Shenmue tends to be thought of as a more archaic Yakuza, but that really overlooks what’s so special about the series. They’re gentle, simple games. Sweeping scope, but the player’s approach is in any moment always small and modest. There was a subsection of its audience who played it solely because it was a massive technical achievement for the Dreamcast, but I don’t believe those were the ones who stuck with it. The persistent fans were the ones who fell in love with the quirks and eccentricities of its cast, the intricate detail of its recreation of south-east Asia in the eighties, and its approach to dutifully acting out the minute tasks of Ryo Hazuki’s life. Shenmue is about the small things, and Ys Net have never forgotten that.

Shenmue has always felt nostalgic. They’re games about a very specific point in history. Before the internet and mobile phones. A time where the young still stayed in their parents’ small towns, and could help operate their little businesses. Playing a new entry in the series, nearly two decades after where it last left off, adds to that feeling of nostalgia intensely. Not just getting sucked into that setting again, but being challenged to work with Dreamcast-era gameplay loops and structure. This is Pokémon Red, Donkey Kong 64, Tomb Raider III stuff. Things you’d never freely think you’d ever feel nostalgic for, but being brought back into that way of thinking can be a powerful reminder of what life was 20 years ago.

I don’t want to make it sound like Shenmue III is a backwards-facing game though. This is definitely the next part of the story, and it feels really good to finally be able to push it forward. The first two games were largely about the struggle to travel to Guilin – the Chinese village that was such a crucial part of Iwao Hazuki’s life and the mystery of the Phoenix and Dragon Mirrors.

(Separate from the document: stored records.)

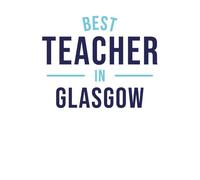 Best Teacher In Glasgow Women's T-Shirt - White - M - White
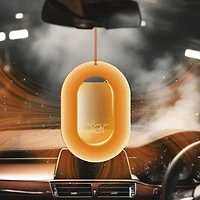 Godrej Aer-O Musk After Smoke Car Freshener Diffuseur, 7.5 g, Dure jusqu’à 30 jours, Désodorisant pour voitures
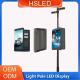 Smart Light Pole LED Display Screen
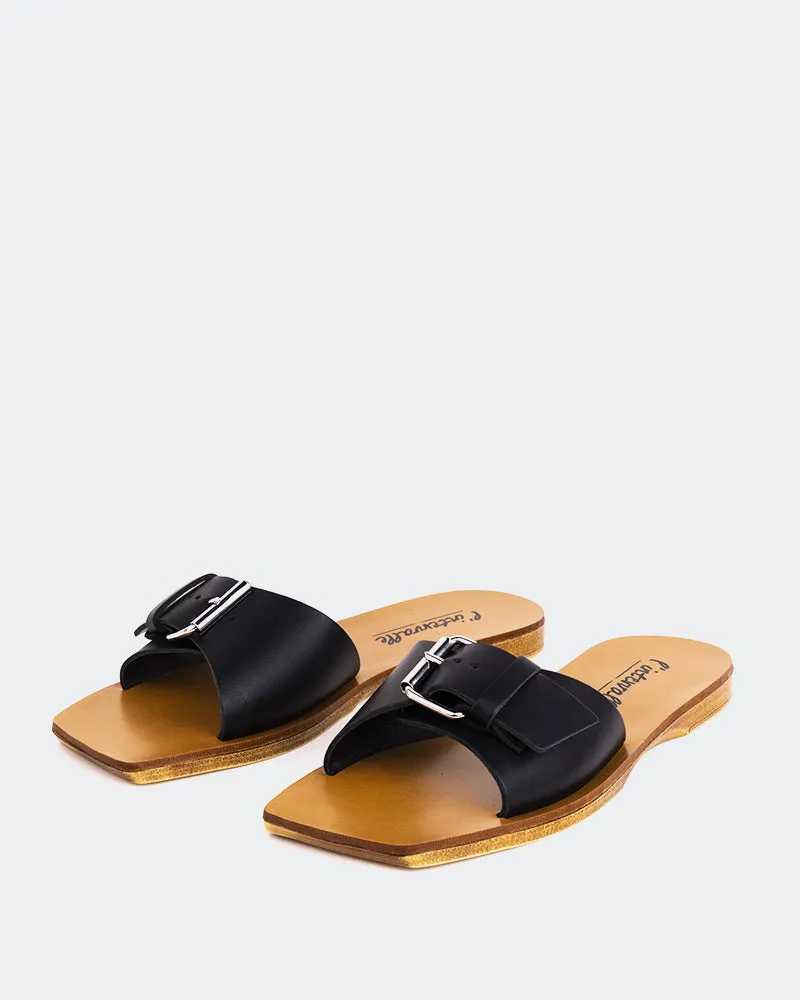 Campari Black Leather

In this entry, we finally arrive there and start to understand what was going on.

Some of my favourite parts of the game were the conversations between Ryo and Shenhua, as they discuss their lives, and begin to relate to each other more deeply. They’re stiff, wooden conversations, but I wouldn’t appreciate them if they weren’t. It feels like we’re still travelling with those old Dreamcast characters, and only now getting to know who they really are. It’s another meaningful, intimate, step on the journey.